Colleges And Universities Reconsider Symbols Tied To Racism And Slavery : The Two-Way At places like Princeton and Amherst, students have successfully agitated for their schools to scrub names and symbols the protesters found offensive.

Colleges And Universities Reconsider Symbols Tied To Racism And Slavery

Since massive student protests forced University of Missouri System President Tim Wolfe to resign earlier this month, students on a number of campuses have staged protests of their own. One of their most consistent demands has been to identify and remove campus symbols tied to racism and slavery. At a handful of schools, protesters have won concessions.
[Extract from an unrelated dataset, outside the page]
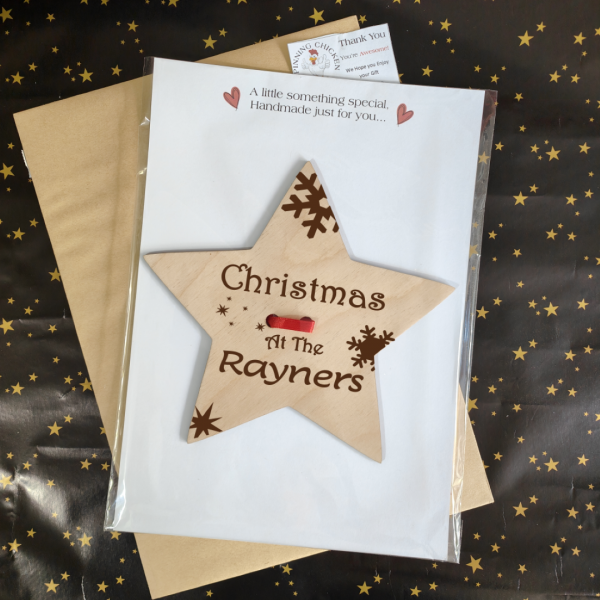 Personalised Christmas Tree Star Topper – Engraved Wooden Ornament – Family Name Holiday Decoration – Xmas Keepsake Gift - Image 8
For example, after students staged a 32-hour sit-in last week outside the Princeton University president's office, administrators agreed to consider renaming buildings dedicated to Woodrow Wilson, who was president of Princeton before being elected president of the United States. Wilson supported racial segregation.

Student demonstrations at Georgetown helped prod officials to rename two buildings that honored former Georgetown presidents who were slave owners. Amherst College appears to be rethinking the school's unofficial mascot Lord Jeff, based on Lord Jeffrey Amherst. The 18th century British military general reportedly proposed giving smallpox-infected blankets to Native Americans.

Students at Harvard Law School have pushed the university to make changes to its official seal, which pays homage to Isaac Royall Jr., whose family made much of its fortune through the slave trade. Royall donated his estate to the law school.

Those calls engendered a backlash. Pieces of black tape were put over the pictures of some African-American professors at Harvard Law. Harvard University police are investigating the defacing of the portraits as a hate crime.